**Problem description**:
Quote the entries below from the line with "Created by Željko Čidić" through the line with "Lemon Zkittle growlog timeline photo", both ends included, and only those lines.

**Extracted records**:
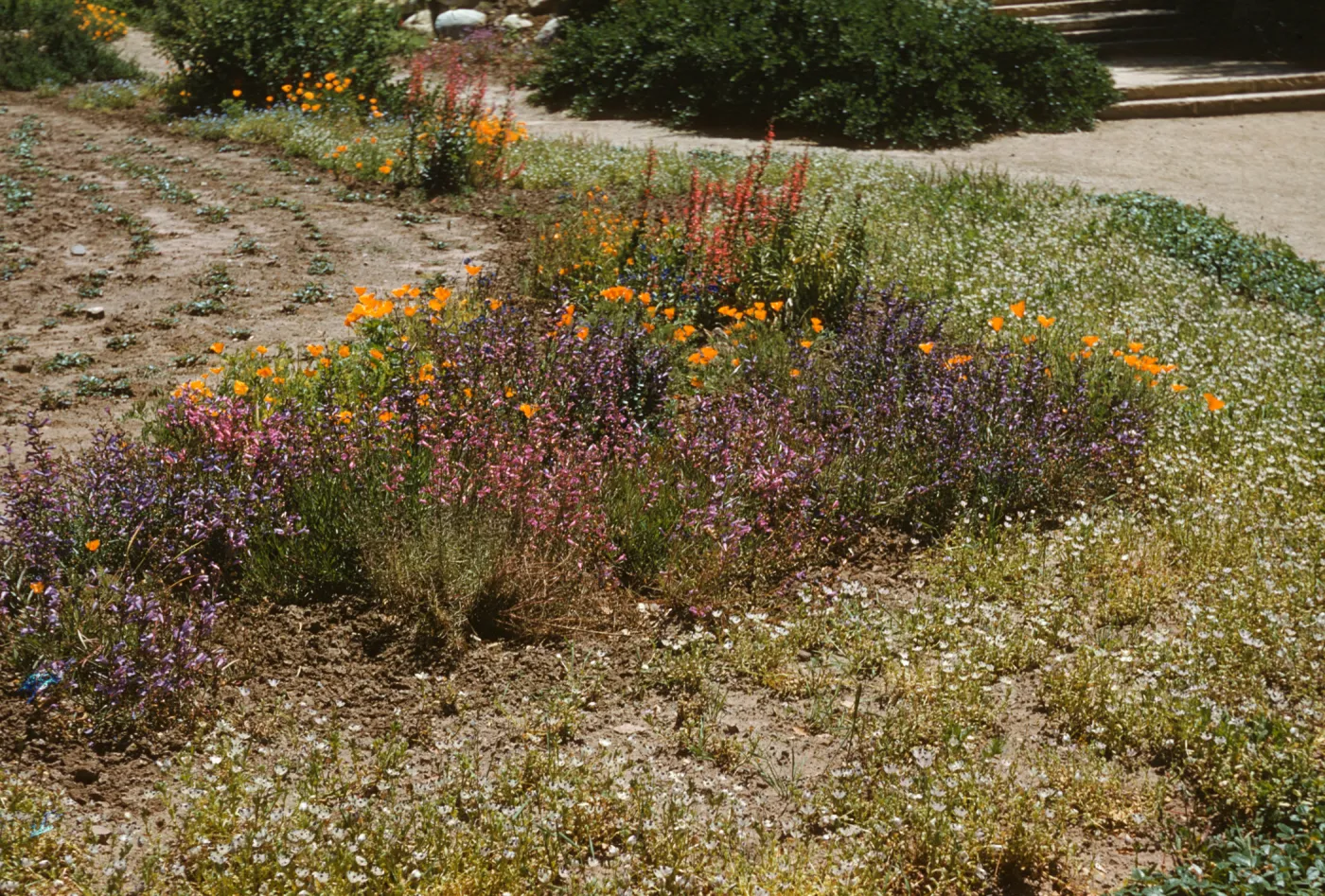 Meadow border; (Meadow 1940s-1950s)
--
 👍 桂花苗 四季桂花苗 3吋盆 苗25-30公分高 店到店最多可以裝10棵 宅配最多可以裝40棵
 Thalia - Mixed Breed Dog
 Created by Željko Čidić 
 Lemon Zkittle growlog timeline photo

**Written solution**:
 Created by Željko Čidić 
 Lemon Zkittle growlog timeline photo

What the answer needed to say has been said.